0

I'm analyzing database performance by checking the count of active database processes at specific timestamps. An example is as below:

CloseStatement,ClusterIndexScanVecOutJob<ScanRangePredicate>,ExecQidItab,ExecutePrepared,ExecuteStatement,NoAction,PrepareStatement,core/stat,timestamp

1,1,2,15,1,1,5,1,2020-03-30T18:15:24.378238

CloseCursor,ClusterIndexScanVecOutJob<ScanRangePredicate>,CommitTrans,ExecQidItab,ExecutePrepared,ExecuteStatement,JobParallelMgetSearch,NoAction,ParallelFor Job,PrepareStatement,SearchPartJob,core/stat,flushing,timestamp

1,1,1,6,16,1,2,1,9,2,5,1,1,2020-03-30T18:16:24.435657

The first line is the name of the database process and the line that follows contain the number of each process.

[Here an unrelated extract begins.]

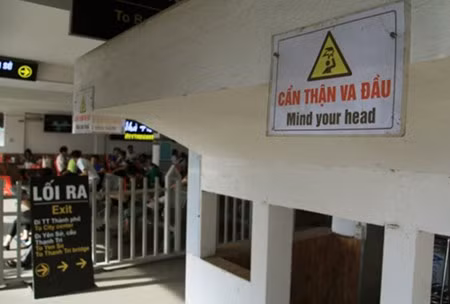 La ben xe van minh, dep nhu san bay nhung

For example, There was 1 database process called 'CloseStatement' and 15 'ExecutePrepared' processes at time timestamp 2020-03-30T18:15:24.378238

I'm trying to build statistics based on the count of the process at specific times. From a pandas perspective, the headers (CloseStatement, CloseCursor) differs at each instance and they're not uniform either. How can I import this into a dataframe? Thanks for your time!

  • This one here https://stackoverflow.com/questions/26063231/read-specific-columns-with-pandas-or-other-python-module might be of some help if the header names remain same – vvk24 May 14 '20 at 04:34
  • My problem is that the dataset contains 2 lines for every timestamp. The first line is the header and the second line is the data. So, I would run into the parse errors because the number of fields would differ. – Jerry Kross May 15 '20 at 04:49
  • I agree. Try giving the field name directly as mentioned in the link above. That works if you have the same field names in all the datasets irrespective of the column index. – vvk24 May 16 '20 at 06:36

0 Answers0